今後、消費税も人口減少で消費が縮小し税収が落ち込めばさらなる税率引き上げが考えられる。「選択と集中」とは優先順位の低いものからカットすることだが、野党のライバル政党から「大増税」「福祉切り捨て」などと付け込まれる様子が見えるようだ。
しかし、公明党の結党50周年の企画を連載し、大衆の党、福祉の党をアピールしてきた同誌だけに、かえって人口減少の数値の前にはどうすることもできない極めて深刻な日本の将来像が浮かび上がる。社会保障制度をめぐっては民主党も政権を獲得したら公約を翻して消費増税に踏み切った。予算編成する政府与党となれば数字の前に厳しい判断を迫られる。
人口減少に向かう推計は悲観的なものだが、女性政策も人口減少による労働人口減少を食い止める経済中心の政策論議の中で注目されており、「産む」より「働く」が主眼になって企業内制度の充実が語られることが多い。
ただ、同誌で「女性の活躍が日本発展促す」を書いた東レ経営研究所ダイバーシティ&ワークライフバランス研究部長の渥美由喜氏の記事では、「大企業であっても、女性社員の企業子宝率の調査結果は0・5(2人に1人しか産んでおらず、しかも一人っ子)であった。大企業では制度はあっても使いにくい職場風土があるので、結果的に産むのを諦めている女性社員が少なからずいるのである。

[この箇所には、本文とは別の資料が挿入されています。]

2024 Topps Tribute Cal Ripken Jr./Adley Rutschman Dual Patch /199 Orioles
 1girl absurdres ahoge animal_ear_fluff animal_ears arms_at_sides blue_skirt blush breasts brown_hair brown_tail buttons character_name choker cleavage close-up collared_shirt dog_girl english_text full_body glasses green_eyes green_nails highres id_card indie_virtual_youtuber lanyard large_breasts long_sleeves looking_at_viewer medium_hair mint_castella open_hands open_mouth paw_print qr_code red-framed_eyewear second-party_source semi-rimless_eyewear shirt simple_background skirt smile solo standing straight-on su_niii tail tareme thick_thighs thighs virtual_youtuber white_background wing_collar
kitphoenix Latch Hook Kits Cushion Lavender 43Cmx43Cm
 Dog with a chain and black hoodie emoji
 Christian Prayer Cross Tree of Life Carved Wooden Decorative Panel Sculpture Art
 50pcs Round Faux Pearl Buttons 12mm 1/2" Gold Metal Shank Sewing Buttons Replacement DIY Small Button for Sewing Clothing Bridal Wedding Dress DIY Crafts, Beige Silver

企業子宝率は、まさに、『職場風土』を反映するものである。実は、中小企業の方が、企業子宝率は高い。中小企業は大企業に比べると制度は整っていないが、柔軟に対応してうまくやっているところが多い……」と述べている。
パラドクシカルな指摘だが、お堅い企業制度よりも柔軟で理解のある人間関係の有無が仕事と家庭のバランスを女性社員が取る上で肝要ということであろう。